Freedman v. America Online, Inc.

Decision Date05 December 2003
Docket NumberNo. CIV. 3:03CV1048(PCD).,CIV. 3:03CV1048(PCD).
Citation294 F.Supp.2d 238
CourtU.S. District Court — District of Connecticut
PartiesClifton S. FREEDMAN, Plaintiff, v. AMERICA ONLINE, INC., the Town of Fairfield, and Detectives William Young and David Bensley (individually and in their official capacities) Defendants.

Calvin Kin-Meng Woo, Pepe & Hazard, Southport, CT, Daniel J. Klau, Pepe & Hazard, Hartford, CT, for Plaintiff.

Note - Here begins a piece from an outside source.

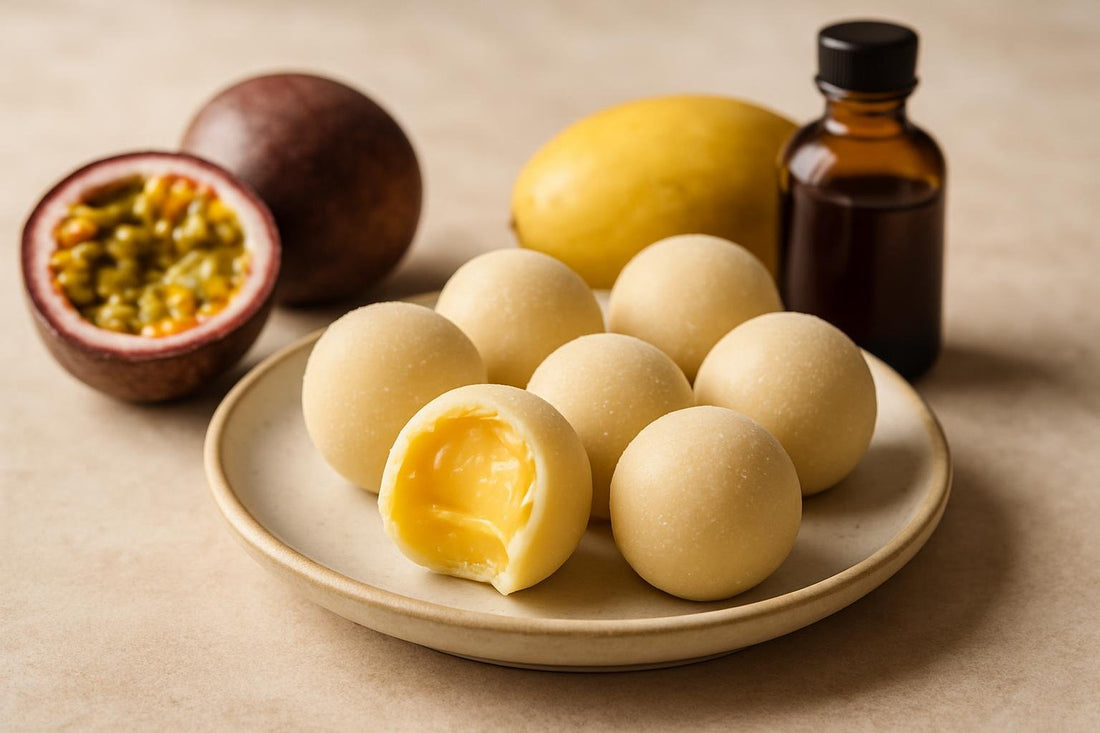 Passion Fruit Truffles on a plate, one bitten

C. Colin Rushing, Samir Jain, Wilmer, Cutler & Pickering, Washington, DC, Rowena Amanda Moffett, Brenner, Saltzman & Wallman, New Haven, CT, Mark A. Perkins, Thomas M. Murtha, Maher & Murtha, Bridgeport, CT, Paul E. Pollock, Bai, Pollock, Blueweiss & Mulcahey, Bridgeport, CT, for Defendants.

RULING ON DEFENDANT AOL'S MOTION TO DISMISS

DORSEY, District Judge.

In light of a forum selection clause in its contract with Plaintiff, Defendant America Online, Inc. ("AOL") moves to dismiss pursuant to Fed.R.Civ.P. 12(b)(3) or 12(b)(6). For the reasons discussed herein, AOL's motion is granted.

I. Background1

At all times relevant to this action, Plaintiff subscribed to internet service from AOL. Compl. ¶¶ 4, 26. Section 8 of the AOL Member Agreement contains a forum selection clause providing that "exclusive jurisdiction for any claim or dispute with AOL or relating in any way to your membership with or your use of AOL resides in the courts of Virginia." AOL Member Agreement § 8, Davis Decl. Exh. A.

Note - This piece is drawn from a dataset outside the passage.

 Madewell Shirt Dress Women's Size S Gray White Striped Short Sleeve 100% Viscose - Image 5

Plaintiff alleges that AOL unlawfully disclosed his identity to the Town of Fairfield Police Department in response to a defective search warrant application that had never been presented to a judge. Compl. ¶ 1. The allegations stem from an e-mail sent by Plaintiff on or about March 31, 2003, involving a political campaign. Compl. ¶ 12. The e-mail stated "The End is Near." Compl. ¶ 12. On or about April 1, 2003, two recipients of the e-mail reported the incident to the Fairfield Police Department, claiming they had received a harassing and/or obscene message on their computers. Compl. ¶ 13.

On April 1, 2003, Defendants Young and Bensey sent a deficient warrant application, which was never submitted to a judge for approval and did not bear a judge's signature, to AOL. Compl. ¶ 17-18. On April 7, 2003, AOL faxed Plaintiff's subscriber information, including his address, phone numbers, account status, membership information, software information, billing and account information, all of his screen names, and the activity of all of his screen names, to Young and Bensey. Compl. ¶ 21. Consequently, the Fairfield Police Department disclosed Plaintiff's identity and other screen names to the public. Compl. ¶ 22.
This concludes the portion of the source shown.